# Show me your yak Saturday AM @ SPSP!



## Sandcrab (Mar 20, 2002)

I'll be hitting SPSP jetty for some fishing this Saturday morning around 5 AM. I was hoping to check out some yaks if anyone is planning on launching from the beach.

Anyone going to be at SPSP this Saturday AM so I can check out the yaks available?

Thanks

Sandcrab


----------



## fishingrod (May 3, 2004)

Sandcrab,

I would love to show off the yak to get another hooked on the sport. But I will probably be fishing somewhere on the Patapsco this weekend. If I decide to hit SPSP I will let you know.

Rod


----------



## SeaSalt (Apr 29, 2002)

Sandcrab, I would love to come out but made plans already.
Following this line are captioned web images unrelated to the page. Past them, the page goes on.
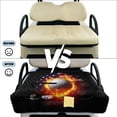 thumbnail image 5 of SEANATIVE Golf Cart Bench Seat Covers Towel Blanket with 4 Pockets, Patriotic Decoration Club Car Seat Covers Fits EZGO Yamaha 2-Person Carts, American Flag Golf Ball Fire Print, 5 of 7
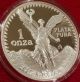1987 Proof 1 Ounce.  999 Pure Silver Onza Mexico,  Ultra Low Mintage Only 12,  000 Mexico photo 9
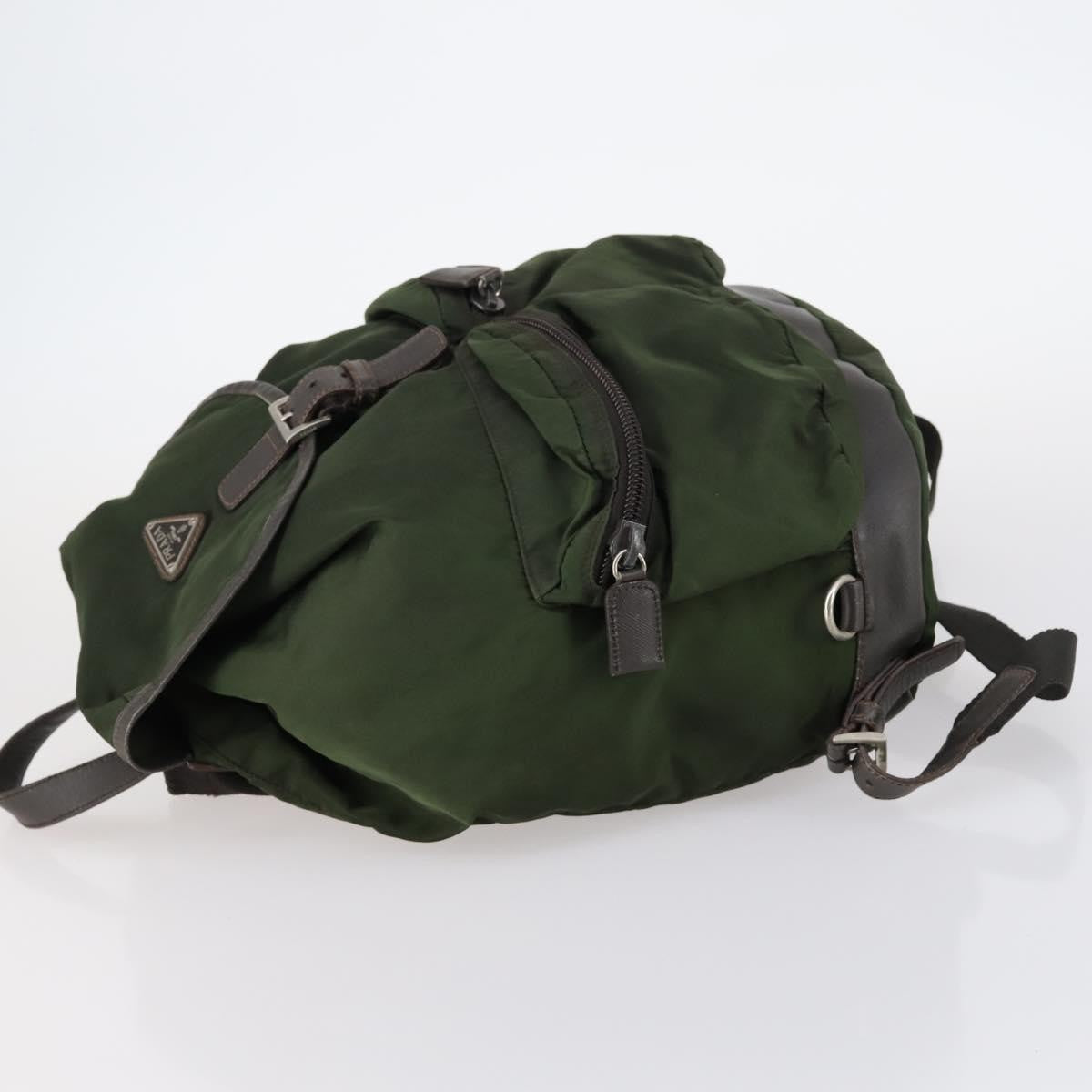 Prada Double Front Pocket Backpack Tessuto, KHAKI, NYLON, Backpack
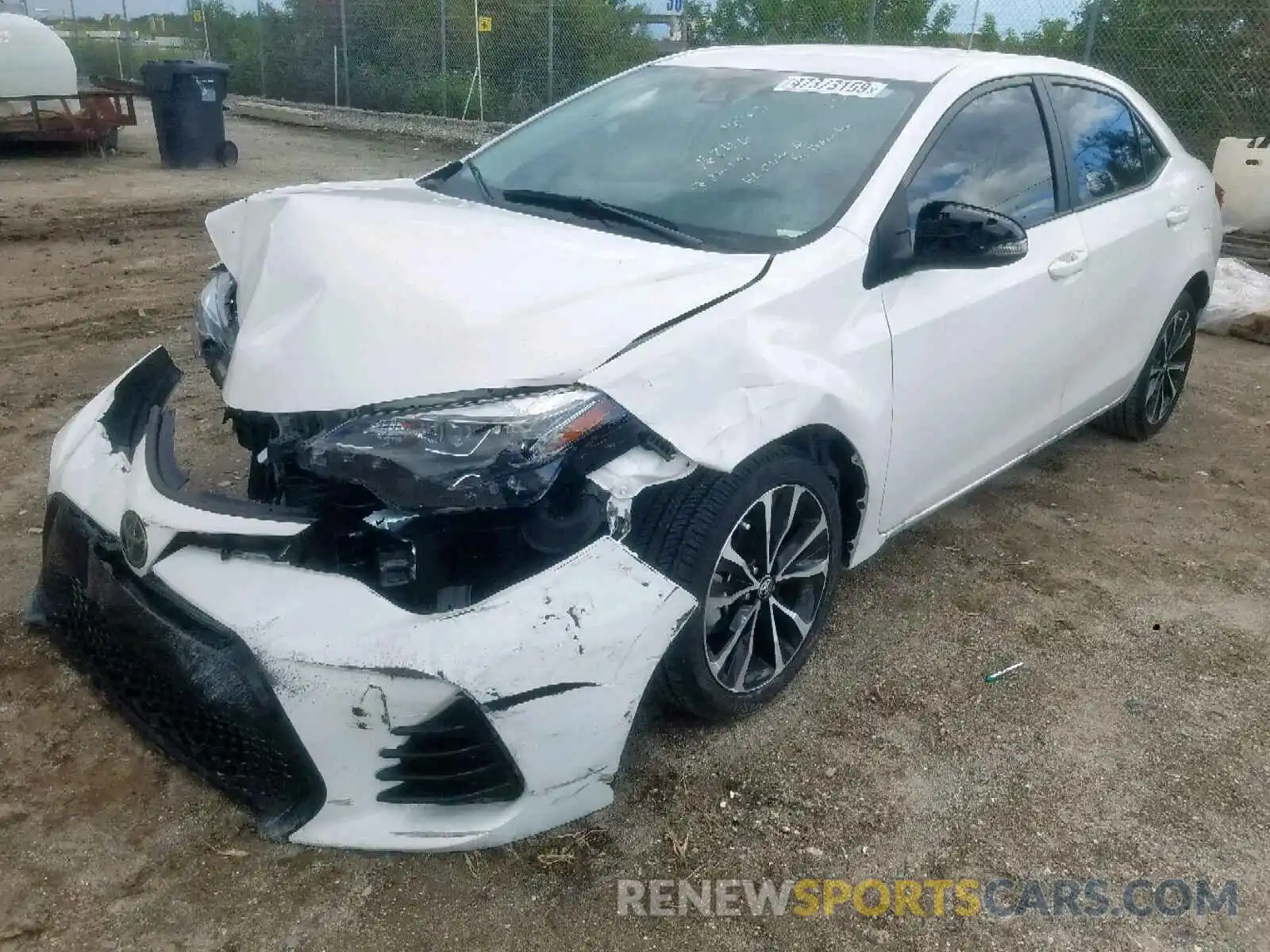 2 Photograph of a damaged car 5YFBURHE1KP912324 TOYOTA COROLLA 2019
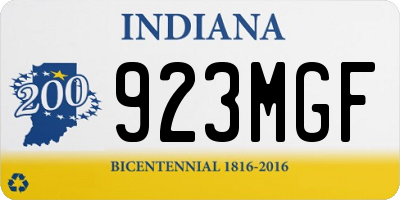 IN license plate 923MGF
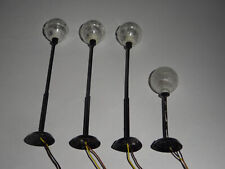 Herkat H0 4 Stk. Kugellampen 3 x 105, 1 x 60 mm hoch, guter Zustand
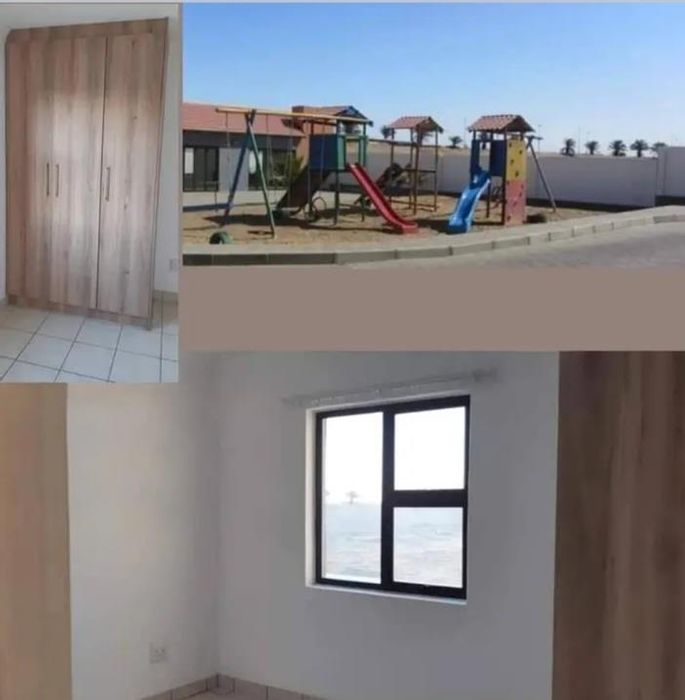 For Sale: 2-Bedroom Apartment in Walvis Bay Central with garage and balcony braai.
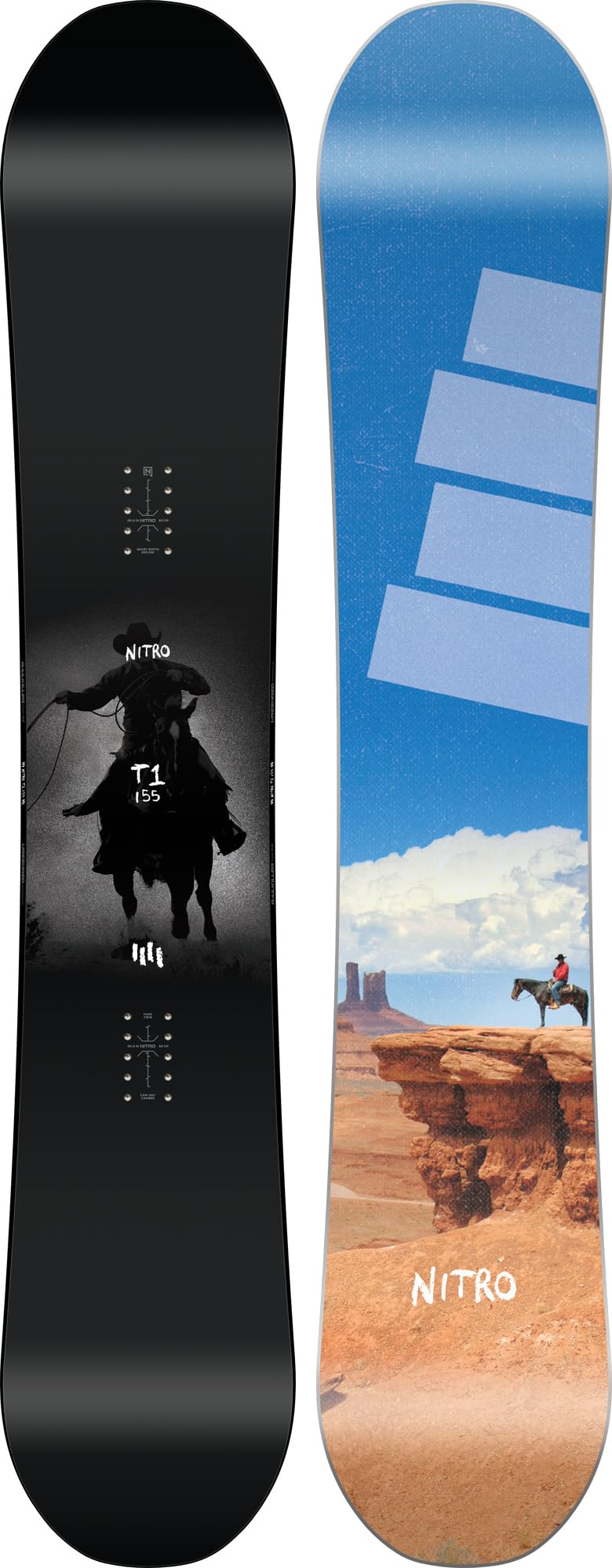 Nitro Snowboards T1 BRD & T1 Wide BRD ´25, Freestyleboard, Twin, Cam-Out Camber, Park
Saturdays are pretty tough at SPSP for yaks because there are alot of boats out there on a nice day. Hopefully we can meet up. 

Thinking about planning a guided night trip out of Cheasapeake Beach soon. If you are interested let me know. Yak and safety equipment is provided if you don't have it. Josh Larson from Bay Paddlers does the trip. Anyone else interested let me know or PM me.


----------



## FISHIN ROD (Feb 12, 2003)

is the guided trip still being planned or has it happened? I have been thinking of giving it a try.


----------



## SeaSalt (Apr 29, 2002)

wooo... nice. I didn't think anyone was interested but I'll send Josh an email and ask how the fishing is. 

Anyone else interested? Also trying to plan a mini-tournament/get together for all yakkers around the cheasapeake bay. Anybody interested in this? Thinking about end of september.


----------



## Fish Bait (Feb 10, 2003)

I'm interested but i will be in Hatteras the last 2 weeks of Sept.


----------